* **Assignment**
Within the material below, locate the line with "A reminder that" and the line with "Building Photo - 400 S Pointe Dr", then return those two lines and all lines between them, exactly as written.

* **Information shown**
>>
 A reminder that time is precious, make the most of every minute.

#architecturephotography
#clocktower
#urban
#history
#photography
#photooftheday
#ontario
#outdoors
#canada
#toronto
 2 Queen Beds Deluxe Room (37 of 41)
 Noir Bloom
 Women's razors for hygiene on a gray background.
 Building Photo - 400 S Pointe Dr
<<
>>
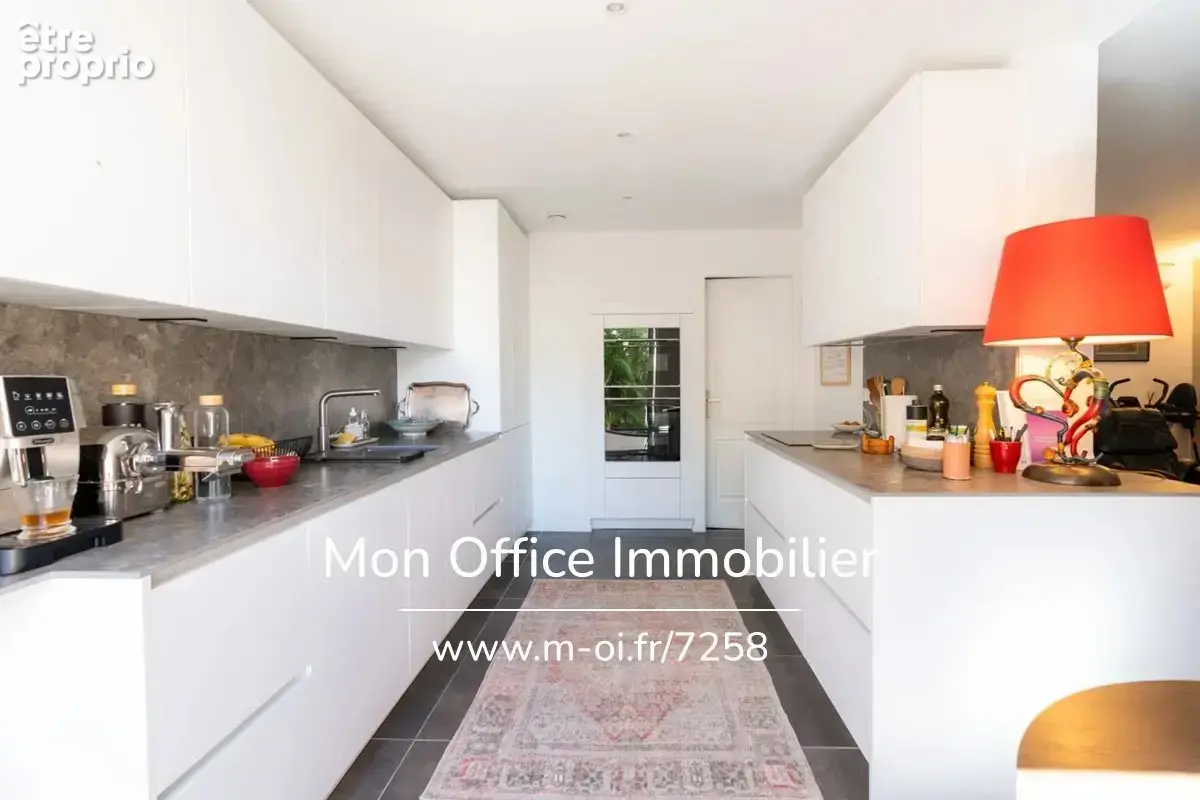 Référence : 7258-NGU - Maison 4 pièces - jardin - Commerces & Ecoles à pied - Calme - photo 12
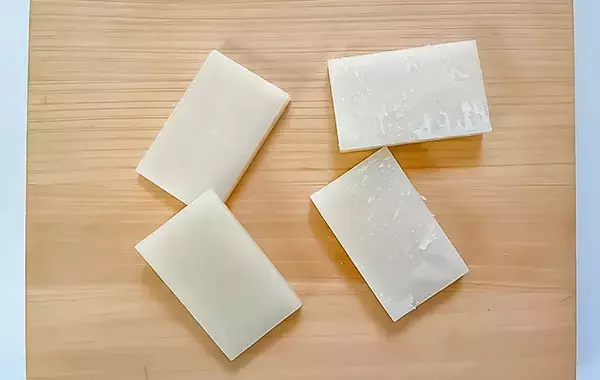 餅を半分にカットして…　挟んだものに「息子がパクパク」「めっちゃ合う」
<<
* **Exercise response**
 A reminder that time is precious, make the most of every minute.

#architecturephotography
#clocktower
#urban
#history
#photography
#photooftheday
#ontario
#outdoors
#canada
#toronto
 2 Queen Beds Deluxe Room (37 of 41)
 Noir Bloom
 Women's razors for hygiene on a gray background.
 Building Photo - 400 S Pointe Dr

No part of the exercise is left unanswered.